▶ **Task directions**
All lines before the one containing "Lucky Brand Quilted", plus that line itself, are to be printed exactly as they appear below.

#### Source data

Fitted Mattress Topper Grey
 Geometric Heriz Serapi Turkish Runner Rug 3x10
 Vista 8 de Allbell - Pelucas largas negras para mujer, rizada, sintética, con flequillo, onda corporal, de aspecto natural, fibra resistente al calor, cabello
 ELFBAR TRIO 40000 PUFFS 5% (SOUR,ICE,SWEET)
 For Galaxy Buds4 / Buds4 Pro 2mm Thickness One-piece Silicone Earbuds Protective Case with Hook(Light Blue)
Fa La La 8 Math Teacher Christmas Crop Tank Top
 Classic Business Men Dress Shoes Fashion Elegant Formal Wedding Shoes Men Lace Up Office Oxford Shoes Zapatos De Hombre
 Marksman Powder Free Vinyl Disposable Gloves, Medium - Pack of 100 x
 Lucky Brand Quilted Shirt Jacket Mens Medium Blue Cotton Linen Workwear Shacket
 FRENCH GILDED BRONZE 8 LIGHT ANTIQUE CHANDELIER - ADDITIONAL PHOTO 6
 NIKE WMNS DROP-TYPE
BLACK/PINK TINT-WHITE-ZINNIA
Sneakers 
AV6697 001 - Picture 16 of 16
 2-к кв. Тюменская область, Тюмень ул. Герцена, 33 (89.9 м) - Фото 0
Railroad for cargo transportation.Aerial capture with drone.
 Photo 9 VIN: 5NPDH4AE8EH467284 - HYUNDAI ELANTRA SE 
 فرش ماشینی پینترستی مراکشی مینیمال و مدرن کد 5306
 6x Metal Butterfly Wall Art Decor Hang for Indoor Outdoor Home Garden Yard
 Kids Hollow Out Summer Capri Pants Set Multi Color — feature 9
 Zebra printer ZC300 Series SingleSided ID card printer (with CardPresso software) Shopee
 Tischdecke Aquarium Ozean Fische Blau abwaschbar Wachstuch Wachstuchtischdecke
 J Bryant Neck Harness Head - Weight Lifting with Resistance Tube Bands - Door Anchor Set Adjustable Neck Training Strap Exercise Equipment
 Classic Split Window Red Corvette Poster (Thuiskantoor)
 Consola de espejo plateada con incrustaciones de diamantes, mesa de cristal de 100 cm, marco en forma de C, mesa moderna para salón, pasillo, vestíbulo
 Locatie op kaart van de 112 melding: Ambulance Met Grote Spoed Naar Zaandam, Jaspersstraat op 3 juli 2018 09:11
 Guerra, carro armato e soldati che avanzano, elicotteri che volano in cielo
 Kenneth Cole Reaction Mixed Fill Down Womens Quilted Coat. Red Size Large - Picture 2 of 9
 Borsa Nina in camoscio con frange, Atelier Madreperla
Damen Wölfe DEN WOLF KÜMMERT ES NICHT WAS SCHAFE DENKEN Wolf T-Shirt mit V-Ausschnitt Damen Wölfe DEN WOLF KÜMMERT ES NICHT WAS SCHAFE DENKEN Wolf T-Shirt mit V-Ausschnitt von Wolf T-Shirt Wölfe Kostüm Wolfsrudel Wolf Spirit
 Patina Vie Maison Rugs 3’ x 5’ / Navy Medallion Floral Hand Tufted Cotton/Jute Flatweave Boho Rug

########

▶ **Answer box**
Fitted Mattress Topper Grey
 Geometric Heriz Serapi Turkish Runner Rug 3x10
 Vista 8 de Allbell - Pelucas largas negras para mujer, rizada, sintética, con flequillo, onda corporal, de aspecto natural, fibra resistente al calor, cabello
 ELFBAR TRIO 40000 PUFFS 5% (SOUR,ICE,SWEET)
 For Galaxy Buds4 / Buds4 Pro 2mm Thickness One-piece Silicone Earbuds Protective Case with Hook(Light Blue)
Fa La La 8 Math Teacher Christmas Crop Tank Top
 Classic Business Men Dress Shoes Fashion Elegant Formal Wedding Shoes Men Lace Up Office Oxford Shoes Zapatos De Hombre
 Marksman Powder Free Vinyl Disposable Gloves, Medium - Pack of 100 x
 Lucky Brand Quilted Shirt Jacket Mens Medium Blue Cotton Linen Workwear Shacket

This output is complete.